Upon surveying the bloody scene, our resolve dissolved slightly. We looked to each other for support, maybe permission, to disturb the poor creature’s rest. We nodded to each other and waded in, parting the grass.

Lying there, prone with a small bloody pool about its head founted from his mouth, was my cat, Fritz.

Shocked, I reached out for him, but then held back, terrified to touch the truth. I overcame my fear and stroked his fur. He was still warm, but he was dead.

“Is that your cat?” my friend asked.

I nodded mutely as tears began to stream down my face.

“I’m sorry,” he said. He looked at a loss. “Is there anything I can do?”

I shook my head.

“Um, I’m going to go…is that OK?”

A car honked at us as it went past. I nodded.

“Uh, bye. Sorry again.” He walked up the road towards his home.

I wanted to pick Fritz up and take him home, but was repulsed by the now congealing blood. I thought about getting some garden gloves. But how to get him over the fence? Throw him? The thought horrified me.

Through a miasma of grief and shame, I found my way back across the road and over the fence. A few minutes later, I was picking Fritz up in my gloved hands and placing him in a brown paper grocery bag. He was stiffening, and his tail stuck awkwardly out of the end of the bag.

My grip on the bag wasn’t so good and it tore open in the middle of the road. The yawning loss I had been working to keep at bay also rent then and there. I wailed in huge choking sobs at my loss, now resting at my feet across the center line. I held the torn bag like some sort of bloody flag after a battle where my comrades died and defied the world to find a way to assuage the pain.

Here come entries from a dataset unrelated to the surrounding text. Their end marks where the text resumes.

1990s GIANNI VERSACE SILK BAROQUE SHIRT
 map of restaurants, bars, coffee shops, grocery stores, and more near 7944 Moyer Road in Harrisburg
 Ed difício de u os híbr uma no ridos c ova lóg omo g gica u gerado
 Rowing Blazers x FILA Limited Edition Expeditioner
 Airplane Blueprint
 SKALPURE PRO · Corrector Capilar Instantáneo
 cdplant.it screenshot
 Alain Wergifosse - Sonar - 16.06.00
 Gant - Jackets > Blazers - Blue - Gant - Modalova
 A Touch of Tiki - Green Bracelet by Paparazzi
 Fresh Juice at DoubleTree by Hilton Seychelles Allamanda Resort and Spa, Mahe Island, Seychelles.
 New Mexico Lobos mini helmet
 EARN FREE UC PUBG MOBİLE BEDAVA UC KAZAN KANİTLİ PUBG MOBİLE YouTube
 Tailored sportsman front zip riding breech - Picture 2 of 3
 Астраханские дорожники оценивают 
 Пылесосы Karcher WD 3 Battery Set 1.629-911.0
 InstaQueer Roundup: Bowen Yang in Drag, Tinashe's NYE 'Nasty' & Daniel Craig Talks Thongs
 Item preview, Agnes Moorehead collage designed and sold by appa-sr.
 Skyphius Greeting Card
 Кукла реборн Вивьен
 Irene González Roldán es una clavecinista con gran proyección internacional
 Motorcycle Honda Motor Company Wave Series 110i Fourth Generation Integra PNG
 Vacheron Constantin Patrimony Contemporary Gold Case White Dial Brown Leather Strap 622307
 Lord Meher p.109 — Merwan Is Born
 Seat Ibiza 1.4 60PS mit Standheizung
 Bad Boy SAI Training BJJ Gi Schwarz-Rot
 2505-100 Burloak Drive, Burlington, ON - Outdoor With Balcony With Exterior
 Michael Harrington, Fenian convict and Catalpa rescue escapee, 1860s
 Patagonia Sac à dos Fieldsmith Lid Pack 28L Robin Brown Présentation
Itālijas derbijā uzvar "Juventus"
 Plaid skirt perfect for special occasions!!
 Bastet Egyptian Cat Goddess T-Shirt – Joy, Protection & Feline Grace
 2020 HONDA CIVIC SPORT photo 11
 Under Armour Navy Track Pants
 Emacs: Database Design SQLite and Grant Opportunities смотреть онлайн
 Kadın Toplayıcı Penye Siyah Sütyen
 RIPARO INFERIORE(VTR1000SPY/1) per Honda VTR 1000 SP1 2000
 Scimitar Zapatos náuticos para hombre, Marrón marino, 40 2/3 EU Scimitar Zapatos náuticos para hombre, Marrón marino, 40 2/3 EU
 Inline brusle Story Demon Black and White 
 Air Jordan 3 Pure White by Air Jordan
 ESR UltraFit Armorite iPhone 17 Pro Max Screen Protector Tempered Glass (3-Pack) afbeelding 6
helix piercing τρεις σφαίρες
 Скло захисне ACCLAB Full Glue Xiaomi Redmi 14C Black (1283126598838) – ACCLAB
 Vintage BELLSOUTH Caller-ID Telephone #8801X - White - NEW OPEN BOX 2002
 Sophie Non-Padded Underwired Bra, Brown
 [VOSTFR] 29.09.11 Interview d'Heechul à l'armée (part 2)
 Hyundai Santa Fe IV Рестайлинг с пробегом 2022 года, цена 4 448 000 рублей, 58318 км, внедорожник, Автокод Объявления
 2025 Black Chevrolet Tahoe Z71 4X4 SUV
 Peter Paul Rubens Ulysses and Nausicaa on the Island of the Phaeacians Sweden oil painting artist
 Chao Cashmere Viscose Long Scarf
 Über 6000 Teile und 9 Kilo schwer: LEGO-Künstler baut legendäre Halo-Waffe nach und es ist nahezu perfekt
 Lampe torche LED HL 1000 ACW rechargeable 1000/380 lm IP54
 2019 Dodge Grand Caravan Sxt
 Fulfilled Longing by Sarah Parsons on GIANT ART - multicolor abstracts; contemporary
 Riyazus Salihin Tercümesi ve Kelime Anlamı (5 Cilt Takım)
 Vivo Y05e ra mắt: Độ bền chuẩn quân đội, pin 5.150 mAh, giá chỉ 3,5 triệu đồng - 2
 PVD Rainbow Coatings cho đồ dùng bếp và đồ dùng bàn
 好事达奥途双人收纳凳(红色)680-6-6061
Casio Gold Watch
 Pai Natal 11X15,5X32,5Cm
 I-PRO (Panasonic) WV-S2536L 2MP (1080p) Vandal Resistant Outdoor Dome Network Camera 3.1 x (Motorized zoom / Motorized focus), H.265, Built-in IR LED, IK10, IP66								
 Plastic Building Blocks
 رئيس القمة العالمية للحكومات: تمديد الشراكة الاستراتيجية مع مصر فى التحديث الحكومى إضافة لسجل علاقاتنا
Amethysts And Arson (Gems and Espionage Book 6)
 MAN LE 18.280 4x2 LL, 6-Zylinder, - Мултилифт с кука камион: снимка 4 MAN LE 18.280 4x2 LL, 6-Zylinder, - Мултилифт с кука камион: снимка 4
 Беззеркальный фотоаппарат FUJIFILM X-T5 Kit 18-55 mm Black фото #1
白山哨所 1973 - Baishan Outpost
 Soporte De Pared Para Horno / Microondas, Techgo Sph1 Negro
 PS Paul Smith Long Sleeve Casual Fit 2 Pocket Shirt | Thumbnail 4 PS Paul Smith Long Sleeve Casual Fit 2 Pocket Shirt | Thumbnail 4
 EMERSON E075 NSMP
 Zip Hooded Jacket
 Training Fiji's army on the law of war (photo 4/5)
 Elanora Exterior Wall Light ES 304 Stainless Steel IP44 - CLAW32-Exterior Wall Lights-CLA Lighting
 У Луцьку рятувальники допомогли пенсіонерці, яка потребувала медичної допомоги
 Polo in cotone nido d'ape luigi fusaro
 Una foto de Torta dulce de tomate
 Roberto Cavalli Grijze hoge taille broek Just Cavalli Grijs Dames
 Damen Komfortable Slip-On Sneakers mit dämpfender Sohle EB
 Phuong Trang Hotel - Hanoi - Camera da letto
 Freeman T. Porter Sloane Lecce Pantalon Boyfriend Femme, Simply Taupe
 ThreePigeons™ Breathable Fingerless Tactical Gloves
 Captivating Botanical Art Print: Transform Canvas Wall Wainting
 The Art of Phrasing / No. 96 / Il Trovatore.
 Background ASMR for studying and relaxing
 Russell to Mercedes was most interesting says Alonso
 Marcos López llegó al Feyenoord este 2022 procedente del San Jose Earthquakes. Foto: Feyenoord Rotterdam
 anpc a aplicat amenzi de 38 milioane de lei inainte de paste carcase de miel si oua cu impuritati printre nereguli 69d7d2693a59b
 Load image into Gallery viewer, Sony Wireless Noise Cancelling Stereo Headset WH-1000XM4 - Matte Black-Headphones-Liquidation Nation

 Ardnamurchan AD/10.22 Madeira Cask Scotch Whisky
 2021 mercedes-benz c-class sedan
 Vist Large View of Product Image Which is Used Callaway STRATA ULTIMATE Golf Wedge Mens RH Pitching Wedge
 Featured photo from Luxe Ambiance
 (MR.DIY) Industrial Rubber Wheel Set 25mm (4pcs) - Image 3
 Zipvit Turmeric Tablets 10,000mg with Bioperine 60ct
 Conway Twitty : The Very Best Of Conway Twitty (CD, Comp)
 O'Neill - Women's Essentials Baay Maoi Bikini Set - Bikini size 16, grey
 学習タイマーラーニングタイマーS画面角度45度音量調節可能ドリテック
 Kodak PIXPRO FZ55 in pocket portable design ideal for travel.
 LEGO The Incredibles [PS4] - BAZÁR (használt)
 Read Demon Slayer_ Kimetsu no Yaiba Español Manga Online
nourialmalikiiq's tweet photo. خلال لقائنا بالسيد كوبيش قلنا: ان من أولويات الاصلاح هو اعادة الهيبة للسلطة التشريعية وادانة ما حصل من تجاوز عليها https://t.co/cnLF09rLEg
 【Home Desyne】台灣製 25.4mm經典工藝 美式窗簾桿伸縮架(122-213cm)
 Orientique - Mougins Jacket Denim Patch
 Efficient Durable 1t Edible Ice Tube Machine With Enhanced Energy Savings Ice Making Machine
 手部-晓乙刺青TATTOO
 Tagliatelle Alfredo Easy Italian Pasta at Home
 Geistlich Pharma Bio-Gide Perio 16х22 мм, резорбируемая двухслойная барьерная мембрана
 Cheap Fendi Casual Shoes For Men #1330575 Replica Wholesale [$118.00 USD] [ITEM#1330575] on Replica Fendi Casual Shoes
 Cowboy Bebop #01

Crushing sadness enveloped me as I bent to gently pick Fritz up and place him back in the paper, with legs protruding askew. I must have been a sight, all tears and snot, shuddering as I walked home the long way with my dead cat borne before me wrapped like some grotesque package.

Home again, I laid him to rest in the back yard beneath the cherry tree that blossomed like snow in the spring. That was the last thing the two of us did together, alone on separate sides of the world.